§ Assigned task
Reproduce, please, the line that holds "Nitras Ultimate Step" and all later lines through the end of the entries below, exactly; omit pictures.

═══ Provided information ═══

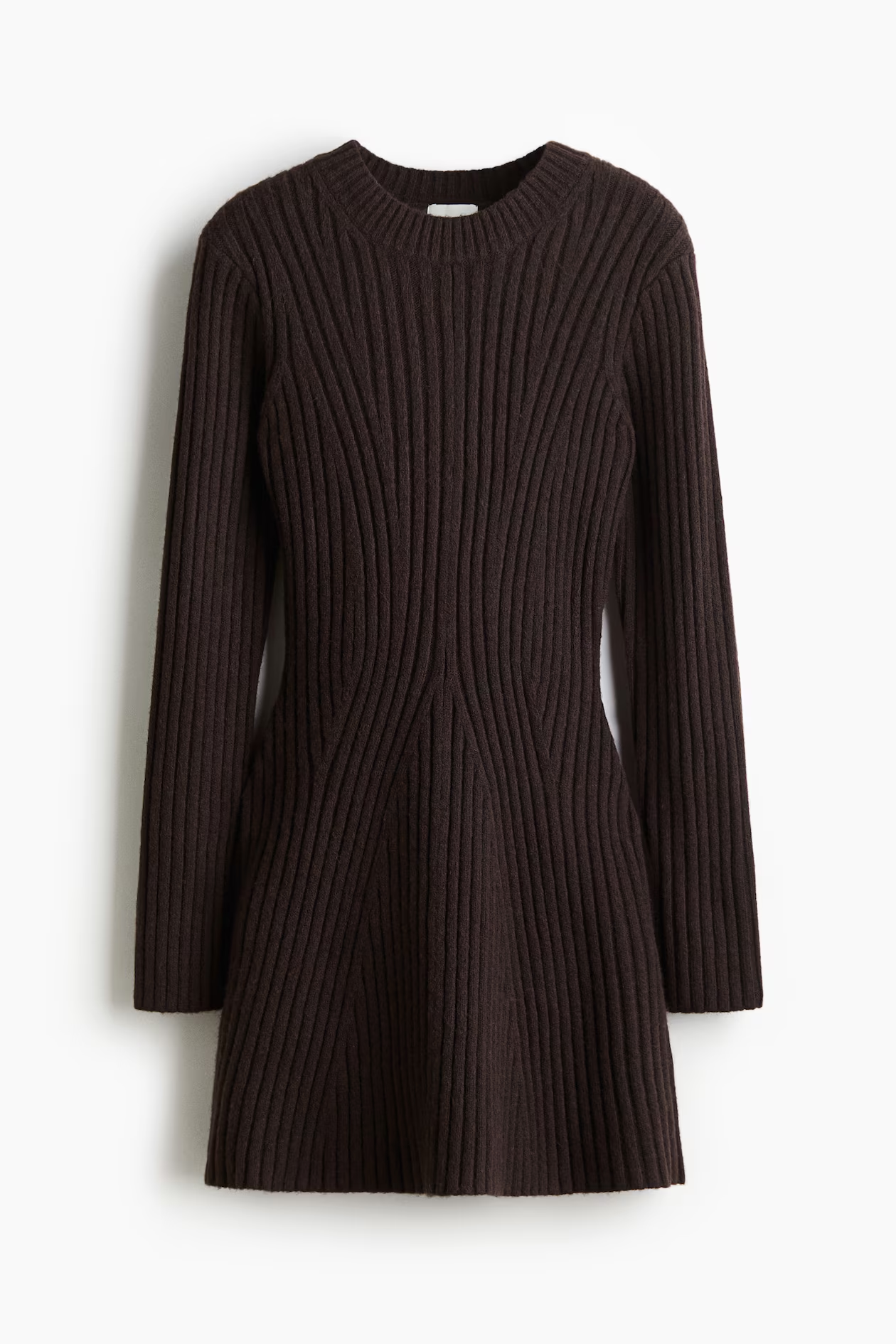 Olivia - Ribbed knit dress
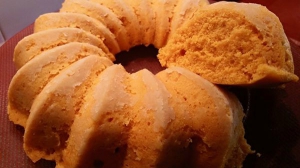receta BIZCOCHO DE NARANJA AL MICROONDAS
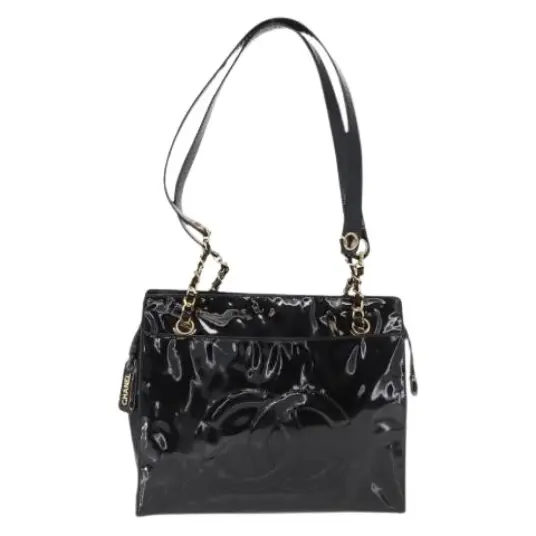 Chanel Vintage Dame Svart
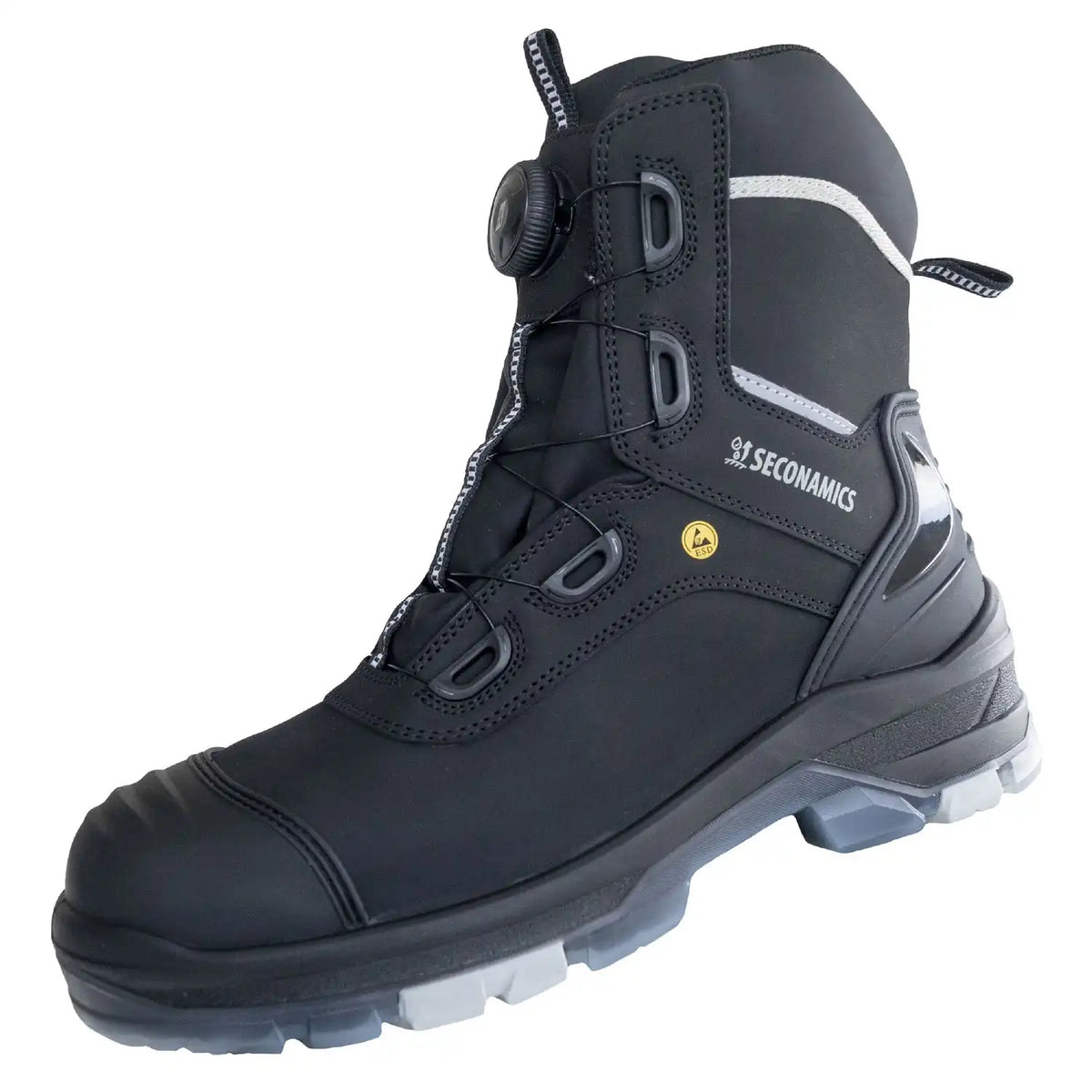 Nitras Ultimate Step S7S Sicherheitsstiefel schwarz – schwarz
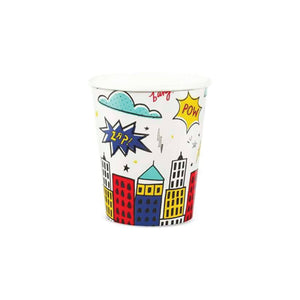 Superhero Cups 8ct | The Party Darling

═══

§ Written solution
 Nitras Ultimate Step S7S Sicherheitsstiefel schwarz – schwarz
 Superhero Cups 8ct | The Party Darling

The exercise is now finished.